HP 9000 and HP e3000 Servers
cancel
Showing results for 
Search instead for 
Did you mean: 

D390 - Boot fault

SOLVED
Go to solution
Vinod Tandon
Occasional Advisor

D390 - Boot fault

Help!

We have an old HP 9000 D-Class (D390 run HP-US 10.2) machine. We use this as development server for Oracle E-business suite. This recently started giving 'Single bit errors'. We were considering to replace the faulty memory chip pair when i read on HP forum that if it is single bit error we can reset the PDT table. I went ahead and reset the PDT table. Just after that it started giving the following error:
>>>>>>>>>>>>>>>>
WARN 3004
FLT 11BF
>>>>>>>>>>>>>>>>

I checked back the memory summary log that i had taken using cstm before i had reset PDT and it shows :

>>>>>>>>>>>>>>>>
Memory Error Log Summary
Error
CAB/CELL DIMM Error Address Error Type Page Count
------------- ----------------- ---------- --------- -----
EXT0 3a 0x0000000036c13e80 Single-Bit 0x0036c13 6090
EXT0 4b 0x0000000046508060 Single-Bit 0x0046508 210876
EXT0 4a 0x0000000010aa93e0 Single-Bit 0x0010aa9 21318
EXT0 4a/4b 0x0000000048eaf000 Multi-Bit 0x0048eaf 0
EXT0 4a/4b 0x00000000490ee000 Multi-Bit 0x00490ee 0
EXT0 4a/4b 0x0000000045a27000 Multi-Bit 0x0045a27 0
EXT0 5a/5b 0x0000000040310000 Multi-Bit 0x0040310 0
>>>>>>>>>>>>>>>>

Please advice on how to fix this. I'm very concerned about this screw up.

Thanks in advance.

-Vinod
7 REPLIES
Patrick Wallek
Honored Contributor
Solution

Re: D390 - Boot fault

If you have repeated single-bit errors you really do need to replace the DIMM. Only then should you clear the PDT.

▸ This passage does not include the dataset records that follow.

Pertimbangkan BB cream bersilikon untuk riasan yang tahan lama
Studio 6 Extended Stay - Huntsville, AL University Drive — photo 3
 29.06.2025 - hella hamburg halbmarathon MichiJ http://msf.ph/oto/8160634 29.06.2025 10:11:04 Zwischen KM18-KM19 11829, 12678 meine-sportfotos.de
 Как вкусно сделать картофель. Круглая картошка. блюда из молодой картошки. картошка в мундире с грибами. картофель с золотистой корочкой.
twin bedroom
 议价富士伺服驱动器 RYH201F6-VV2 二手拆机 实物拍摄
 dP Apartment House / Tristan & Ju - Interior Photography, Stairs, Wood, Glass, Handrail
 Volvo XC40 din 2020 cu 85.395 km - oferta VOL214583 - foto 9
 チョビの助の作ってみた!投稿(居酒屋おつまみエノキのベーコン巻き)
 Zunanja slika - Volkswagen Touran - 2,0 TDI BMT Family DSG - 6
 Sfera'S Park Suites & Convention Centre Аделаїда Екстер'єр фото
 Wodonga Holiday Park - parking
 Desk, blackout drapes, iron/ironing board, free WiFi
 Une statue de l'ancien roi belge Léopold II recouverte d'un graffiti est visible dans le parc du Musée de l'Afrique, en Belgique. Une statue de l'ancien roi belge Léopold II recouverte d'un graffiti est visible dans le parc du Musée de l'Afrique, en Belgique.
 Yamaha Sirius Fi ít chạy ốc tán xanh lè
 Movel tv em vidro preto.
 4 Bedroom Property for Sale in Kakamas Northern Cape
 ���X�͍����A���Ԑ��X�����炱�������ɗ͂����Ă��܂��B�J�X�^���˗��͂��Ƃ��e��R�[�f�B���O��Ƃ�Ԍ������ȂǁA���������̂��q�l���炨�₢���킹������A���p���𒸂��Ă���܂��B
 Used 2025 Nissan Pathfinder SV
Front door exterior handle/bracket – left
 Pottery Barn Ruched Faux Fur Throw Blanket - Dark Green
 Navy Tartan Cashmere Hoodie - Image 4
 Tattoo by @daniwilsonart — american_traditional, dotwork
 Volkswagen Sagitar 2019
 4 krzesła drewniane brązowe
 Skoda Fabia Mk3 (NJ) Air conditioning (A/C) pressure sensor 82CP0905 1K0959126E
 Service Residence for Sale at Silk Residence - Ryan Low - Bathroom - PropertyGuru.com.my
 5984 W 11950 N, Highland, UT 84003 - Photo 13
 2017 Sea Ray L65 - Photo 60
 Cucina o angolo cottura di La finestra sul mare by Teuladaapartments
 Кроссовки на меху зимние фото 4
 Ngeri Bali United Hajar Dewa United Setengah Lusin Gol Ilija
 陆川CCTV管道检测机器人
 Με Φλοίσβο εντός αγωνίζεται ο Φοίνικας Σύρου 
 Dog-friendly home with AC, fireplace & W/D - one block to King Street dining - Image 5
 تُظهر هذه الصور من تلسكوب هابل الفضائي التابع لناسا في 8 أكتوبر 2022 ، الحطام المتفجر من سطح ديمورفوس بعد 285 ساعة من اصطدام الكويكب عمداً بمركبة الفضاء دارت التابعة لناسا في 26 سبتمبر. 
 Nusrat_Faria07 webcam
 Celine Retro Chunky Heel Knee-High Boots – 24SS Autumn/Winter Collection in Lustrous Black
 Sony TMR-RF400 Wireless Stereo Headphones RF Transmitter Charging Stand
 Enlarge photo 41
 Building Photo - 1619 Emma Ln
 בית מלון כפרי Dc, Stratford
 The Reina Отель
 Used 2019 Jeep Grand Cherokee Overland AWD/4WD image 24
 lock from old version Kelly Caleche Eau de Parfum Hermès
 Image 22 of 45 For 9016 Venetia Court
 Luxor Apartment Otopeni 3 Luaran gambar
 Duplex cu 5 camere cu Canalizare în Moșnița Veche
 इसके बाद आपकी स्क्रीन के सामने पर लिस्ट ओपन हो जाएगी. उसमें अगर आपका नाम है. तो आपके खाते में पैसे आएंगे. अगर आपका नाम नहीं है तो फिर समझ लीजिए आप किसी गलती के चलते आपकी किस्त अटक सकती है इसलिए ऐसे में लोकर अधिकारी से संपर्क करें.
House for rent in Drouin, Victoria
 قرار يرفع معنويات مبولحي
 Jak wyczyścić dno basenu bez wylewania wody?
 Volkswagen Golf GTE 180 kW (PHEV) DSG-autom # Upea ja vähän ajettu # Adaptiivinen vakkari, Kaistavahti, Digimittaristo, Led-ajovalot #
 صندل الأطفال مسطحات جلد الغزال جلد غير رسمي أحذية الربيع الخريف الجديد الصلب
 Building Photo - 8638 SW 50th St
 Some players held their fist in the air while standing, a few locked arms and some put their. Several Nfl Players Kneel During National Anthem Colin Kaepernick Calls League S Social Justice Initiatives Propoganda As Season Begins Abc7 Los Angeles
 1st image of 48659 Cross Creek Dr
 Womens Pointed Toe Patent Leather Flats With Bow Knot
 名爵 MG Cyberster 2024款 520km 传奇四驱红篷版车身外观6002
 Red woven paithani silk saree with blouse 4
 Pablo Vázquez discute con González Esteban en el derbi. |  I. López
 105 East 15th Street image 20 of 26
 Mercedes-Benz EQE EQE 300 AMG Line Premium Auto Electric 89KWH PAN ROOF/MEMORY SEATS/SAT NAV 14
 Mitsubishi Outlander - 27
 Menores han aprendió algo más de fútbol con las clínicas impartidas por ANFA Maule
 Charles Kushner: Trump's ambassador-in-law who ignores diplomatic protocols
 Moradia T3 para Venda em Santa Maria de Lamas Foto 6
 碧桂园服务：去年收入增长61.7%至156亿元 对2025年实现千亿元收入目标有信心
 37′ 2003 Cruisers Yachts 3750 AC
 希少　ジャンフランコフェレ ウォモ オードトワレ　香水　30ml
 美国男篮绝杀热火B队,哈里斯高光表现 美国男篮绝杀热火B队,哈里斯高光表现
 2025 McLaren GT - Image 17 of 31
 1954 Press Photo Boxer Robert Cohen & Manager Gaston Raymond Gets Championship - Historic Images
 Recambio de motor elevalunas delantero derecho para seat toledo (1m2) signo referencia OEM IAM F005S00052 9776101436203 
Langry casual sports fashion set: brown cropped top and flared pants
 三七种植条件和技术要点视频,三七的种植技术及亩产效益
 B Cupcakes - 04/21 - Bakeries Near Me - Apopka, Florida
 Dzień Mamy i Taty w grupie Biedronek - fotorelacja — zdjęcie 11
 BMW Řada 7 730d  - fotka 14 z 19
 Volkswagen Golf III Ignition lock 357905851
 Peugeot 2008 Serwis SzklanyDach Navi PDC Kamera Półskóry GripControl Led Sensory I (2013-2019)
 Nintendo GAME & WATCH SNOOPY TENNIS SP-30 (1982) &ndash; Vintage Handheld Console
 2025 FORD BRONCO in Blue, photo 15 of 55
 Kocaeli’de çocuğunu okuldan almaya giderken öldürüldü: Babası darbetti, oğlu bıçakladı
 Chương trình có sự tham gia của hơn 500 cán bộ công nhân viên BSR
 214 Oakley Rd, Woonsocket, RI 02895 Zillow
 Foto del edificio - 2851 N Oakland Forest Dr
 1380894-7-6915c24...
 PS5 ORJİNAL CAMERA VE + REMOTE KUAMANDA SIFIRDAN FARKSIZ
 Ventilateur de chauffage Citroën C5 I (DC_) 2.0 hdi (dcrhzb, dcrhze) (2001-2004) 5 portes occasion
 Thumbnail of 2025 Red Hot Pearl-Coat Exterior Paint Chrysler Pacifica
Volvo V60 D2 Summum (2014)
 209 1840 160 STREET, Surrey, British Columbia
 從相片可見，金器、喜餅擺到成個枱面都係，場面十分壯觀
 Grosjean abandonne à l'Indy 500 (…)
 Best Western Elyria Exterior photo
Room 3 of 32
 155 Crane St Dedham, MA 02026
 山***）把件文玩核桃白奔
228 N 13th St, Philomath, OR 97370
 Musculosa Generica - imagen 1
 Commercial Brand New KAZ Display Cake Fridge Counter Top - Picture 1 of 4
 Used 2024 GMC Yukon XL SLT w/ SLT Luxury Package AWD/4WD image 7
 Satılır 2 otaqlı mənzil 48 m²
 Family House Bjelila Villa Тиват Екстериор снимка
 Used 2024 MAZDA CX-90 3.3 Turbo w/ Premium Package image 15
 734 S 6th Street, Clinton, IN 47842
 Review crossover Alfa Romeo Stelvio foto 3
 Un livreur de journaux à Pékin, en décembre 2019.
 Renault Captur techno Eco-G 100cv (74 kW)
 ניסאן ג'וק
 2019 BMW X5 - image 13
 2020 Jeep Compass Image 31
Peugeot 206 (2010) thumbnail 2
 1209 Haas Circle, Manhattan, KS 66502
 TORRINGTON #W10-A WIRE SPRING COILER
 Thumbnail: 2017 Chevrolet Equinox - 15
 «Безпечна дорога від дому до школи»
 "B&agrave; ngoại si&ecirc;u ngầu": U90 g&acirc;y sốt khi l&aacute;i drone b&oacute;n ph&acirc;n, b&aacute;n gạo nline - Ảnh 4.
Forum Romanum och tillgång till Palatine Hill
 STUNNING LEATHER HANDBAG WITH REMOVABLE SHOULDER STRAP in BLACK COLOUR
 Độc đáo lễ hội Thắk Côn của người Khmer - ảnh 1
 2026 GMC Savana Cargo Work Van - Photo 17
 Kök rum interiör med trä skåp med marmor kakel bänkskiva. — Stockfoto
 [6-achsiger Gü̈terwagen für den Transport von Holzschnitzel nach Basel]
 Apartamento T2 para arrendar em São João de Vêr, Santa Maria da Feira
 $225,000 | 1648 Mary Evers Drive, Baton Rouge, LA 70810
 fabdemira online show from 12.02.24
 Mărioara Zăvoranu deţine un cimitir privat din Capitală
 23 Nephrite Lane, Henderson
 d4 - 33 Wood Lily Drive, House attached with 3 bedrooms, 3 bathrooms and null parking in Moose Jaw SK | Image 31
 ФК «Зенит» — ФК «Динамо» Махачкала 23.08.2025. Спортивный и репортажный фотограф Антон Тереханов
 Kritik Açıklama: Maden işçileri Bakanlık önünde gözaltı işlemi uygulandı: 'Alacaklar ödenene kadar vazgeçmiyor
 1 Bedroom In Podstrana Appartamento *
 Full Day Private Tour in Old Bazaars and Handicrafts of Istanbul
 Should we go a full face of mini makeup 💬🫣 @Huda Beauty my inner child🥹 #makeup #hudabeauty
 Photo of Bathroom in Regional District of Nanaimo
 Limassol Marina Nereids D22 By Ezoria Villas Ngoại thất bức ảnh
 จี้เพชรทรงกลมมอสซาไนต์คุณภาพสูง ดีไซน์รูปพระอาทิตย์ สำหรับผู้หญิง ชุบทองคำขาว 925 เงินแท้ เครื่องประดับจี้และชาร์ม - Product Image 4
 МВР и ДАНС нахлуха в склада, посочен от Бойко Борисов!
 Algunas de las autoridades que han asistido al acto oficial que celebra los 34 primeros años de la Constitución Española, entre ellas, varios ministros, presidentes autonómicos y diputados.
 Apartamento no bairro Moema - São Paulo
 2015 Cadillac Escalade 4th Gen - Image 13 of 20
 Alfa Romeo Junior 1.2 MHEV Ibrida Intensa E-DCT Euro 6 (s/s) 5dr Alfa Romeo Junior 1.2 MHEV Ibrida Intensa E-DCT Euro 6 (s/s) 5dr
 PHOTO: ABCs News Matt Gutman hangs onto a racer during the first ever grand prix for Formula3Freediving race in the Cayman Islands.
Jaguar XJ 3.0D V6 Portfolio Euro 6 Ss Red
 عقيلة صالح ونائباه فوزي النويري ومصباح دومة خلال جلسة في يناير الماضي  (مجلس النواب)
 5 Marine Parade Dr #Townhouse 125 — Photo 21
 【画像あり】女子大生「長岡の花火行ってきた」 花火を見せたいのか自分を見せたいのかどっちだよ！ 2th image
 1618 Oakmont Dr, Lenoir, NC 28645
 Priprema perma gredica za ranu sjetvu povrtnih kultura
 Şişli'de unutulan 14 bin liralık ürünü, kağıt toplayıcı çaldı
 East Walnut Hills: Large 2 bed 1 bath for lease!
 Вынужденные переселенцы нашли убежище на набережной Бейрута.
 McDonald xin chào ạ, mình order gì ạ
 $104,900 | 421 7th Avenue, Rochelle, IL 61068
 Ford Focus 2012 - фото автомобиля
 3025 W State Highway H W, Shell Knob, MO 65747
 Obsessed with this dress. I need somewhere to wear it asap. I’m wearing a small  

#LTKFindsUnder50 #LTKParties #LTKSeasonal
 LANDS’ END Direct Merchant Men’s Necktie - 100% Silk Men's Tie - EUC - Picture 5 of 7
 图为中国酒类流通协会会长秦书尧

In your case you appear to have some single-bit and multi-bit errors.

At this point I would replace the DIMMs in slots 3a, 4a, 4b, 5a and 5b.
Vinod Tandon
Occasional Advisor

Re: D390 - Boot fault

Thanks Patrick.

So is there no way to boot-up this server without replacing the memory modules?

How can so many memory modules go bad at the same time? it is difficult to understand.

I should not have reset PDT table and now i'll have to wait for atleast 4 days untill the memory gets replaced.

James R. Ferguson
Acclaimed Contributor

Re: D390 - Boot fault

Hi Vinod:

> now i'll have to wait for atleast 4 days until the memory gets replaced.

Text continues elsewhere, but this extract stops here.